Their definitions are not entirely in sync. OP has only one definition
(the class), while SIP has two (the class, or the instance).

Generally, I don't think it's a good idea to define a single term with
two meanings. At the DC meeting it was said that this happens in the
real world, and I'll grant you that it does (as any dictionary will
show), but when we define terminology for technical use we can avoid
this and define the terms without built-in ambiguity.

In RM, only the following terms have multiple meanings:

  - SIP, and here meaning #2 seems incorrect to me, especially if the
    name of the term is changed

  - "topic map", where meaning #2 again seems incorrect, in the sense
    that this would be a "topic map document" (a very strange term in
    this context, but then it matches the very strange definition)

In short, I think none of these should retain their second definition.
If necessary, separate terms can be defined to cover those, but this
does not seem to me to be needed.

Defining a term for TMRM seems unnecessary to me.

The use of the glossary also does not seem very helpful for the
reader. Admittedly this is the ISO way, but one could do like TMDM and
have a reader-friendly exposition of the terms that duplicates the
"glossary" section.

I do *not* like the use of the term "topic map" in this document. It
is wholly at odds with how the term has traditionally been used. (The
same goes for TMA and TMV, of course.)

The second sentence of the definition of the term "subject" seems very
strange. Why add "A potential or actual subject of conversation." at
the end of the definition? If it can be "anything whatsoever", surely
it can be this, too?

The rule that there must be exactly one SIP (that is, SIPC instance)
for each subject proxy seems wholly bogus. Why is it there?

A lot of what's said about this document seems to deal with one TMA
"importing" or otherwise making use of another, yet the document
itself is silent about this. That seems a little strange.

The definition of TMA is very vague. Is the TMA the disclosure, or the
rules? And how is the disclosure done? Have I disclosed the rules if I
present them orally? If I record the description on tape? Can a
closed-source software application be considered the disclosure of its
own rules? Can the source of an open source one be? Etc etc.

The definition of "property class" calls it a "named type". So, is it
a class or a type?

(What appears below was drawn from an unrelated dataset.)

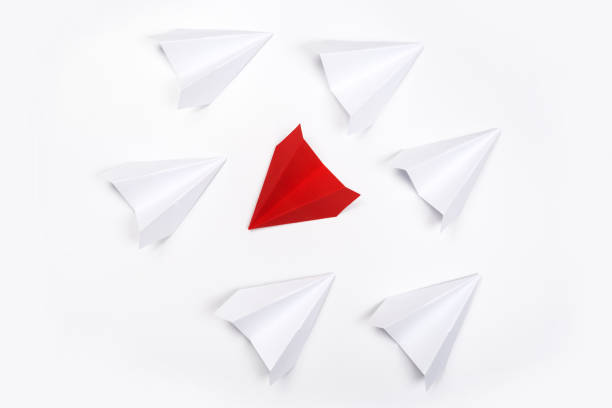 istock Red paper plane are different from others on white background. Think different. Business for innovative, solution concepts 1171760261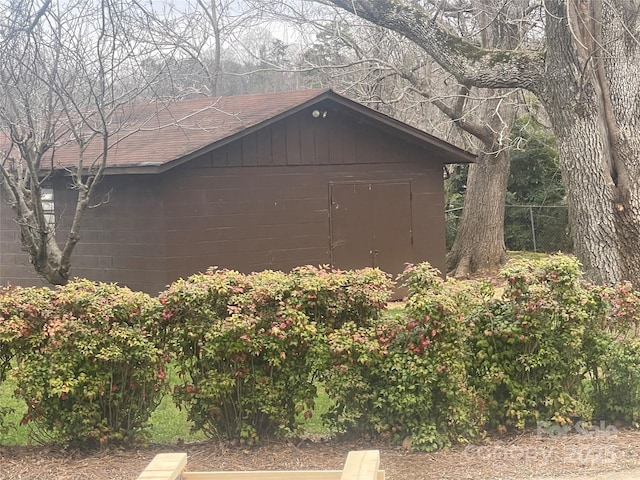 view of shed with fence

Is there any significance to the difference in

merging: "The process whereby two subject proxies that are surrogates
..."  Surely this is really "the process triggered by equal SIPC
values?" If the subject proxies in question have the same subject
surely that is a different thing, which may or may not be true, but in
any case this is not what triggers the merge.

The term "reification" will be defined differently here from in TMDM,
and I'm not sure we should be using it at all, if TMDM is to use it.

"built-in": I don't think this term is very appropriate. This is
usually used for things that are hard-wired in the definition of the
structure of something and cannot be changed. These properties seem to
me to be more "given" or "assigned" or something.

There's a lot to take exception to in clause 5, but since Robert is
already busy doing so I'll wait for later.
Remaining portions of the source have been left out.